(Records shown begins)

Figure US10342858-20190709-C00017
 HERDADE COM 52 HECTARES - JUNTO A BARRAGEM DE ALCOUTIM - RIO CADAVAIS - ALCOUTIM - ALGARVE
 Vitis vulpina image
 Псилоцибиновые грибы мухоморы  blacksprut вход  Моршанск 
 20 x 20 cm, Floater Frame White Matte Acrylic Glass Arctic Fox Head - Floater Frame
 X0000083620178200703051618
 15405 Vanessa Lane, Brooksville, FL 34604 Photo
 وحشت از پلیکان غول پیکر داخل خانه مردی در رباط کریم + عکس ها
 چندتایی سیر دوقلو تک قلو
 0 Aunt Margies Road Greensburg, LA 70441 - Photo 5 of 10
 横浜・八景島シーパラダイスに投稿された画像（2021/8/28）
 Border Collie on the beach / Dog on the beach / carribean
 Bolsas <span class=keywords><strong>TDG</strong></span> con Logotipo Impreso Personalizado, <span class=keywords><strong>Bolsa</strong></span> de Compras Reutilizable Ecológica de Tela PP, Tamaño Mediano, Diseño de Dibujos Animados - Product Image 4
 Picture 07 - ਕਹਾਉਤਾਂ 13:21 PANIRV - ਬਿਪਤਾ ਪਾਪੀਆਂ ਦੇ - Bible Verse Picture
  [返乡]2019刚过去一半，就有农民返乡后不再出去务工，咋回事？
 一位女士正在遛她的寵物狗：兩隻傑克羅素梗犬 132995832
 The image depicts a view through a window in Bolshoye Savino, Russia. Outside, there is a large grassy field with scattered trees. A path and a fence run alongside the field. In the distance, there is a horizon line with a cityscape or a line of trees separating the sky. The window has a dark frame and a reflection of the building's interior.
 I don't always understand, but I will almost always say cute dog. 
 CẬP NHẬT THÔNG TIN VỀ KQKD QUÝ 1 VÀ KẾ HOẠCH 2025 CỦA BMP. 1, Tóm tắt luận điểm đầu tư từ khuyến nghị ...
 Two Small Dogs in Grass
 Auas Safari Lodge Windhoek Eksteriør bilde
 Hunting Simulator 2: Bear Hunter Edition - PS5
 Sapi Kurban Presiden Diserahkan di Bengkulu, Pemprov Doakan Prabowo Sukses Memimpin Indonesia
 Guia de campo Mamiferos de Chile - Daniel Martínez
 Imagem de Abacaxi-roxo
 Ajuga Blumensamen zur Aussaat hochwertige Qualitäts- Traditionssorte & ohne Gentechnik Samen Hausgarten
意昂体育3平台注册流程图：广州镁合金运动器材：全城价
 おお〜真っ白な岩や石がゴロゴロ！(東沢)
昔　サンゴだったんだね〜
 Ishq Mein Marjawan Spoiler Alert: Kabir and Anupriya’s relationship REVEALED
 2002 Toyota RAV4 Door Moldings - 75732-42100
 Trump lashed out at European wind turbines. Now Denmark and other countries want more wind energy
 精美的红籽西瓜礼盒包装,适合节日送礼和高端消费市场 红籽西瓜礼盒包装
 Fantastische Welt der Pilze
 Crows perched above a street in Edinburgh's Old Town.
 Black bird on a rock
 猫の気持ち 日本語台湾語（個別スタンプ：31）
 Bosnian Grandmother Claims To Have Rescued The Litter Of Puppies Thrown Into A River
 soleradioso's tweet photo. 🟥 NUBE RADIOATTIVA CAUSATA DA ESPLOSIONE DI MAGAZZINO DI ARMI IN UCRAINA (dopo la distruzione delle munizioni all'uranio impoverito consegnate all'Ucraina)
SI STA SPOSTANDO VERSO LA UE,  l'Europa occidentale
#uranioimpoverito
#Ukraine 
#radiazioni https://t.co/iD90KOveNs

(Records shown ends)

Problem requirements
From the line that contains "Trump lashed out" through the final line of the material, copy every line exactly, including both ends.

Your response
 Trump lashed out at European wind turbines. Now Denmark and other countries want more wind energy
 精美的红籽西瓜礼盒包装,适合节日送礼和高端消费市场 红籽西瓜礼盒包装
 Fantastische Welt der Pilze
 Crows perched above a street in Edinburgh's Old Town.
 Black bird on a rock
 猫の気持ち 日本語台湾語（個別スタンプ：31）
 Bosnian Grandmother Claims To Have Rescued The Litter Of Puppies Thrown Into A River
 soleradioso's tweet photo. 🟥 NUBE RADIOATTIVA CAUSATA DA ESPLOSIONE DI MAGAZZINO DI ARMI IN UCRAINA (dopo la distruzione delle munizioni all'uranio impoverito consegnate all'Ucraina)
SI STA SPOSTANDO VERSO LA UE,  l'Europa occidentale
#uranioimpoverito
#Ukraine 
#radiazioni https://t.co/iD90KOveNs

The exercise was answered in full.